Dive Brief:
Dive Insight:
An increase in interest rates, which hit 5.5% in the fourth quarter, is behind the market slowdown. With cap rates below interest rates — garden cap rates were at 4.7% in January and mid- and high-rise assets at 4.6% — investors would have to pay more for the debt portion of the capital stack than the equity segment.
When buyers pay more for debt, they’re counting on income growth. However, RealPage reported that apartment demand fell negative year over year in the fourth quarter, making that difficult to achieve.
In that climate, cap rates must rise before the market opens.
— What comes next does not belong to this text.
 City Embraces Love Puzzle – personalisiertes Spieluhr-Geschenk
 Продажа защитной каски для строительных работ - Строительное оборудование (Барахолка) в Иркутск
Cody Kirkpatrick, managing director of New York City–based commercial real estate services firm Berkadia’s JV Equity and Structured Capital group, calls it “a period of adjustment.”
“We’re seeing that there’s still a bid-ask spread,” Kirkpatrick said.
Some owners may have a capital structure that forces them to put assets on the market, or they may face a refinancing risk. Otherwise, most firms are holding tight.
“Groups aren’t really looking to sell assets into this market unless they have a forced event,” Kirkpatrick said.
Eventually, more owners may be forced to sell. Still, Mike Madsen, vice president of acquisitions and economics at Salt Lake City, Utah-based RealSource Properties, doesn’t see the buyer’s market lasting that long.
“I don’t think prices are going to fall in a lot of these areas as much as some people may hope,” he said.